While the function has evolved from when I first entered this field, a multi-generational workforce will yet again cause this function to flex its muscles and exercise adaptability, strategic value and flexibility to say the least. Many in HR, however, simply are missing the very soft skills of this function – compassion, empathy and sensitivity to name a few. They are the soft skills that call for connection, humility and for the more ‘human’ skills to lead with and embody what this role is all about.

In a world where technology is constantly changing and quickly finding its way in optimizing jobs and even automating many, these are also the soft skills that can not be done by a robot or AI (artificial intelligence). Thereby increasing the importance of these skills in the role of HR and increasing its value. They are more challenging to measure for sure, however, they are also the skills gap that seems to be increasing according to LinkedIn’s data.

More importantly, if you’re going to be in a role where amongst many other things, your purpose is to serve people – then do so with a passion for people at the core of what you do. The qualities or soft skills listed above that somewhere along the evolution of corporate we’ve been taught don’t belong in the workplace or in corporate, are the very soft skills that do belong in Human Resources. They’re the intangible soft skills that we all possess that you can’t ‘buy’ or earn as a credit, certification or through an academic degree.

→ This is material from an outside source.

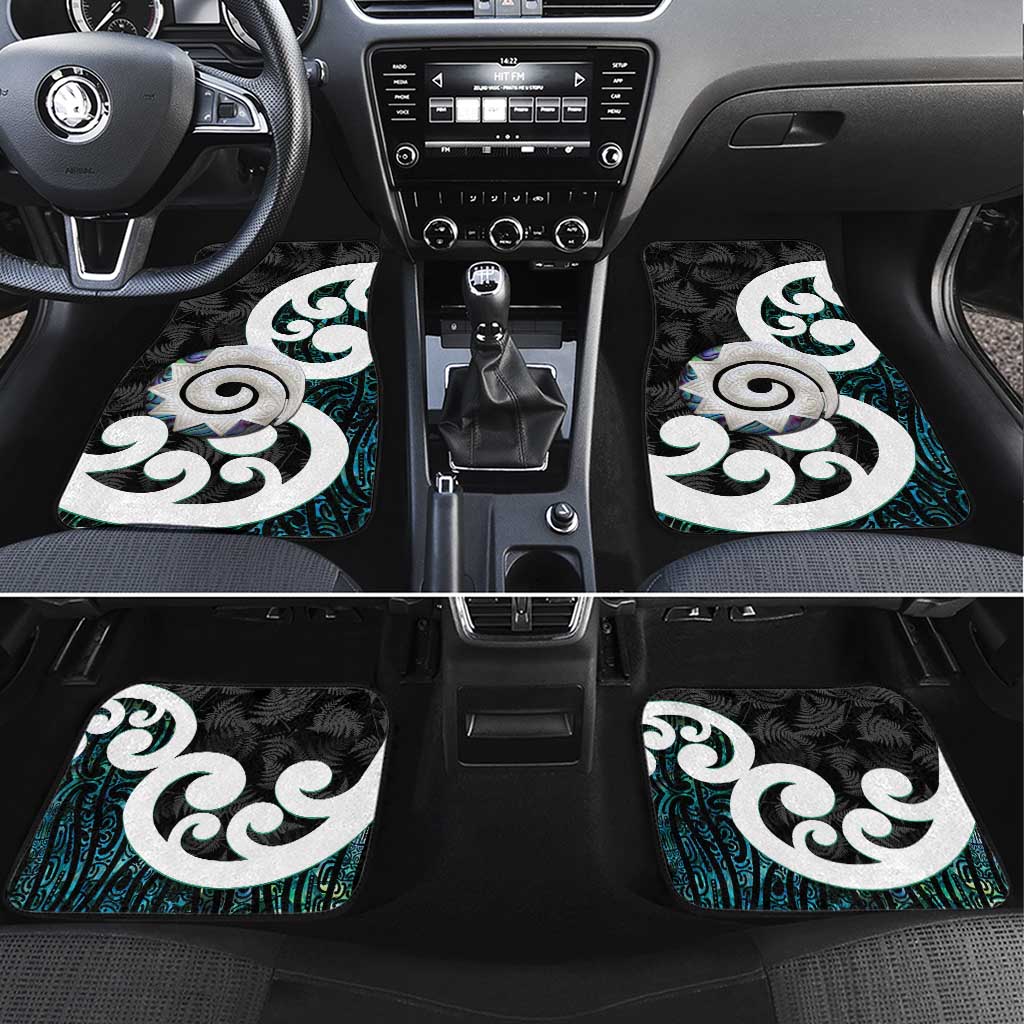 Aotearoa Koru Car Mats Cyan Maori Paua Shell Mix Silver Fern LT14 Set 4pcs Black - Polynesian Pride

They’re also the very skills that will set you apart and help you connect with a multi-generational workforce. Multiple generations surely have their differences in the workplace, including communication styles, working styles and even preferences on work environments, but everyone understands the human connection and what it means to be human. That language is universal.

It takes courage to go against the grain in the workplace where the norm sounds like – work is separate from personal life, emotions and vulnerability don’t belong at work, working hard and overtime is how you succeed and my favourite, don’t ask for any time off or dare call in sick or you’ll be viewed as lazy.

But again, times are calling for new ways of leadership – at all levels, not just our CEO’s. Everyone has a definition of what leadership looks like and means. One that I think most can agree on is having the courage to go first and leading by example. Nothing changes if nothing changes. Go first. Dare to be different. Dare to lead and lead with your heart and yes, you can still use your head.

No matter where you are in your career or what level you hold in Human Resources, especially at the executive level, consider what your role is and remember who you’re serving. Leading by example can only work if you’re brave enough to take the first step into a new way of showing up. If you’re in a career where people are at the core of what you do, consider the soft skills that are imperative to the success of your position.